国防総省当局が先月発表したところによると、五つの軍は今年、募集目標を達成できず、年間目標の23%減となっている。
アイオワ州兵の中佐を務めた共和党のジョニ・アーンスト上院議員は、軍隊には過激派に対処するための政策があり、この問題に特化したプログラムは必要ないと述べた。
「悪事にかかわれば、必ず罰せられている。懸念すべきことではない」
国防法案の文言は、海兵隊予備役の大佐であるアラスカ州の共和党員、ダン・サリバン上院議員によって作成された。この法案は民主党の反対に遭っているが、ロードアイランド州のジャック・リード委員長をはじめとする軍事委員会の民主党議員は誰も阻止しようとしなかった。
民主党のティム・ケイン上院議員(バージニア州)はワシントン・タイムズ紙に対し、「そんなことが報告書に書いてあるとは知らなかった。それはいらない」と述べた。
ケイン氏はその後、過激派は軍隊を含め、米国に広く存在する問題だと考えていると説明した。
「過激派の台頭は、私たちの自由を守るために多くの犠牲を払っている軍人を含むコミュニティーの安全を脅かすものだ。私は今後数カ月間、同僚と協力して、こうした脅威に対処するための行動を確実に取り続ける」
この文言が議会で最終的に可決されるかどうかは、民主党主導の下院との協議にかかっている。下院は独自の国防政策法案を作成したが、軍における反過激派プログラムを終了させることは含まれていない。

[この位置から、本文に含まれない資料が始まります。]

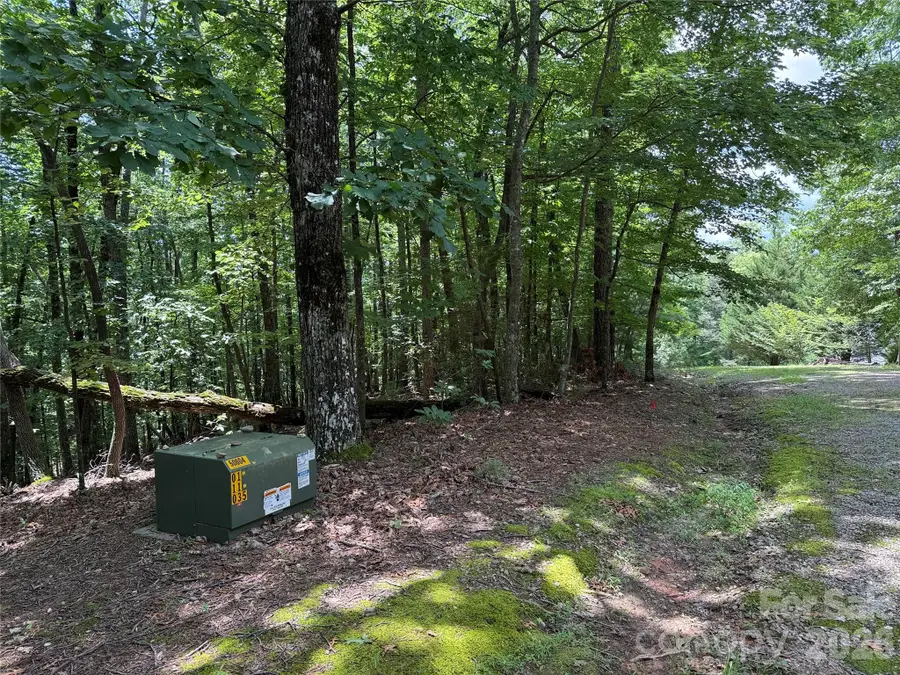 TBD Pine Burr Drive #139, Purlear, NC 28665 - #3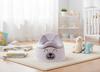 Non-slip Potty for Children with Removable Insert Stable Bear Stickers Gray White Sun Baby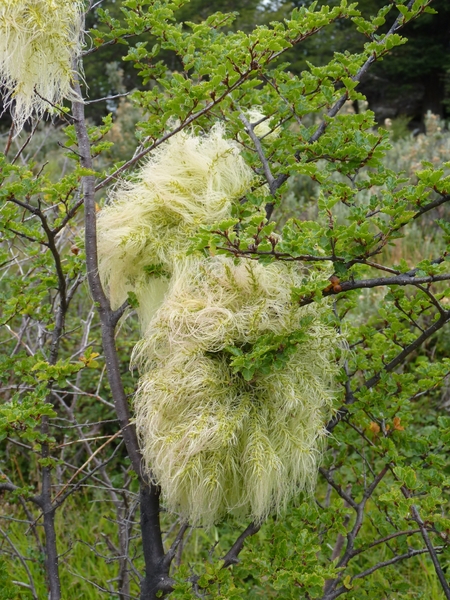 5m Tierra Del Fuego NP -Bahia La Patia -omg. _plantenpad _Barba d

上院では、ほとんどの法案が60票という超党派の合意が必要となる。そのため、共和党が国防法案に対して大きな影響力を持つことになる。
リード氏は「この問題は、一方の側が軍内の過激派に対してより組織的なアプローチを求めているため、協議会の中ですり合わせを行うことになる。その上で、私たちが解決する」と述べた。